Task objective: Begin at the line that holds "Dsquared2 Icon Logo Baseball Hat Zwart Heren" and retype every line through the end of the material, both included. Leave out the pictures.

Recorded information Block Start

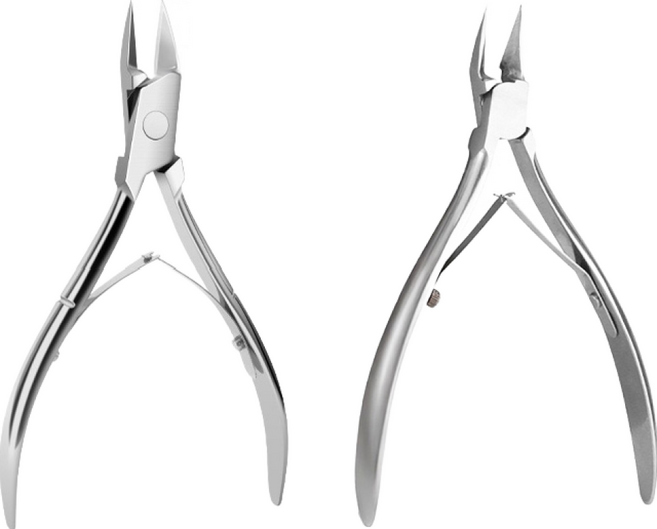 CLARO 전문가용 네일 니퍼 2종, 1세트, 실버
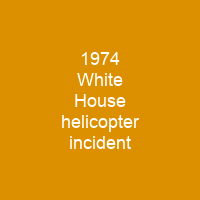 1974 White House helicopter incident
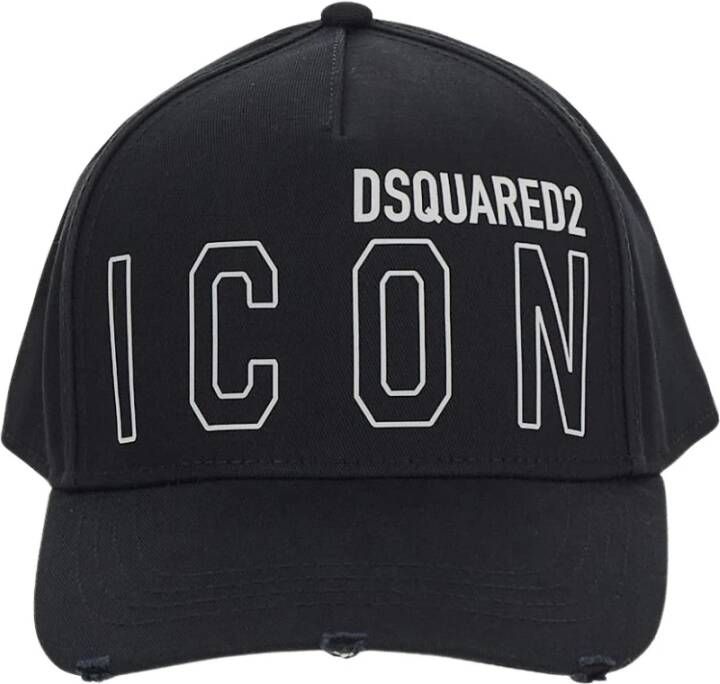 Dsquared2 Icon Logo Baseball Hat Zwart Heren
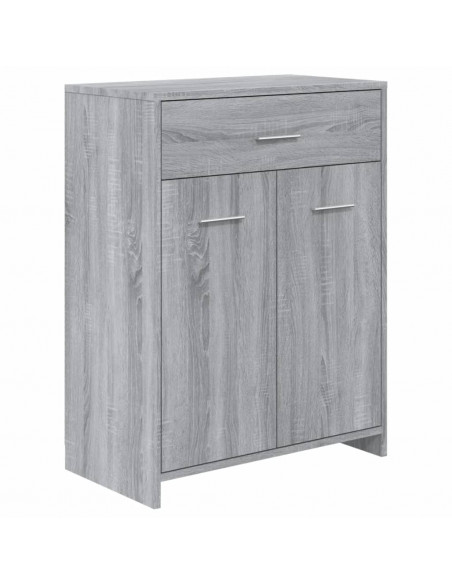 Set Mobili da Bagno 4 pz Grigio Sonoma in Legno Multistrato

Recorded information Block End

Answer section:
 Dsquared2 Icon Logo Baseball Hat Zwart Heren
 Set Mobili da Bagno 4 pz Grigio Sonoma in Legno Multistrato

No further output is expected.